▸ YOUR INSTRUCTIONS
Find "Setra 517 HD" below and begin at its line; stop after the line with "Hoofdafbeelding Iveco Daily". Output those lines exactly, without pictures.

━━ GIVEN INFORMATION ━━

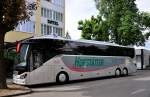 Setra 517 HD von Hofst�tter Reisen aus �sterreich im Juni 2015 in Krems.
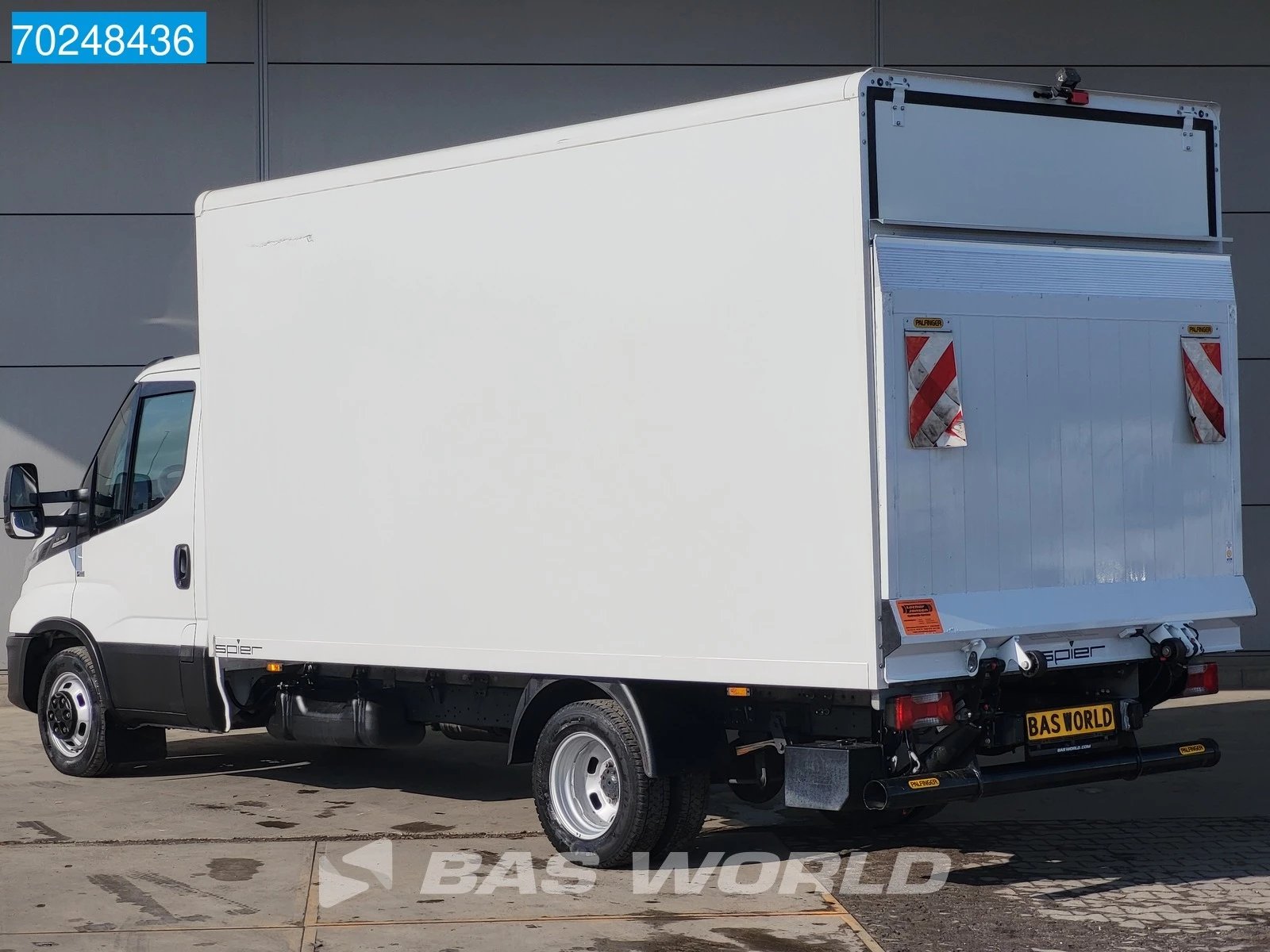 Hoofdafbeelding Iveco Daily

━━━
━━ GIVEN INFORMATION ━━

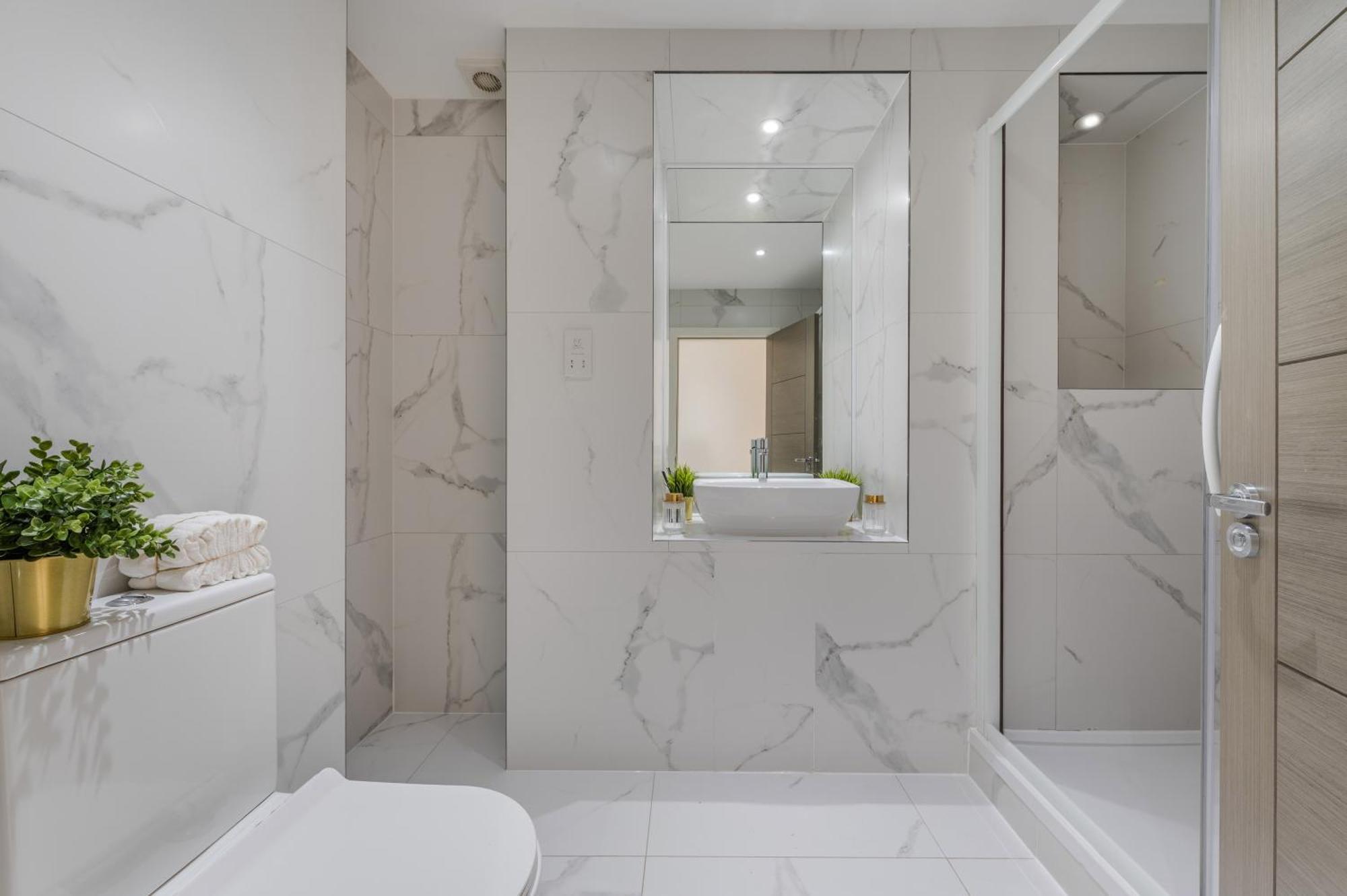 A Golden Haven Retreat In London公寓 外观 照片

━━━
━━ GIVEN INFORMATION ━━

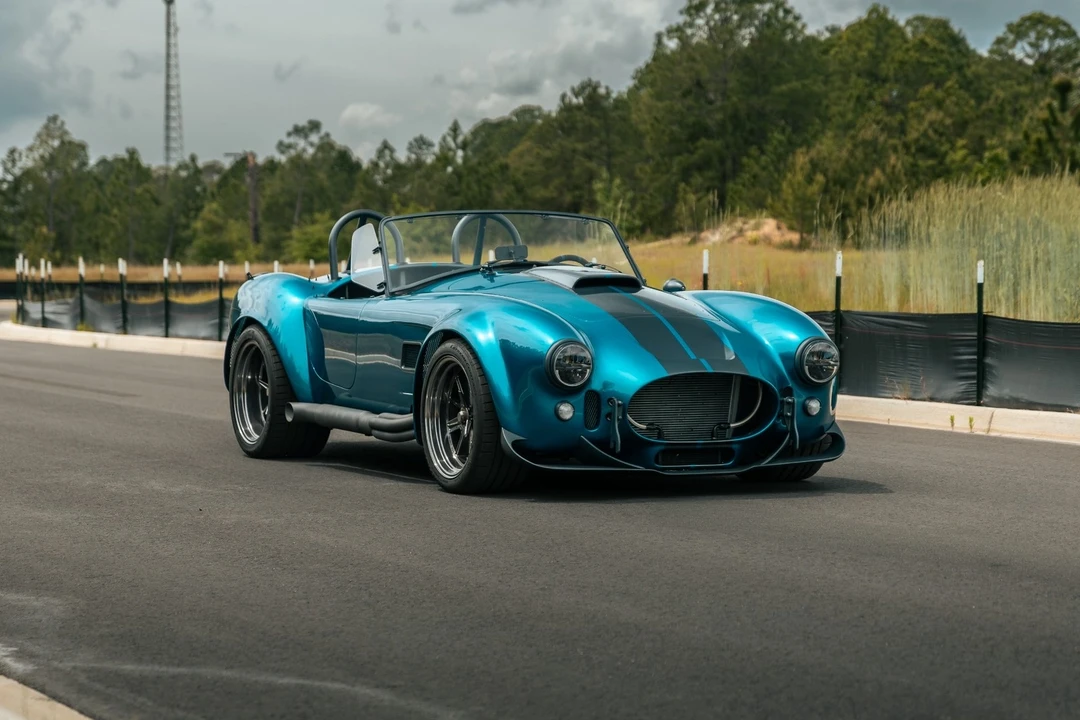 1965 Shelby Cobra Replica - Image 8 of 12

━━━

▸ OUTPUT OF THE TASK
 Setra 517 HD von Hofst�tter Reisen aus �sterreich im Juni 2015 in Krems.
 Hoofdafbeelding Iveco Daily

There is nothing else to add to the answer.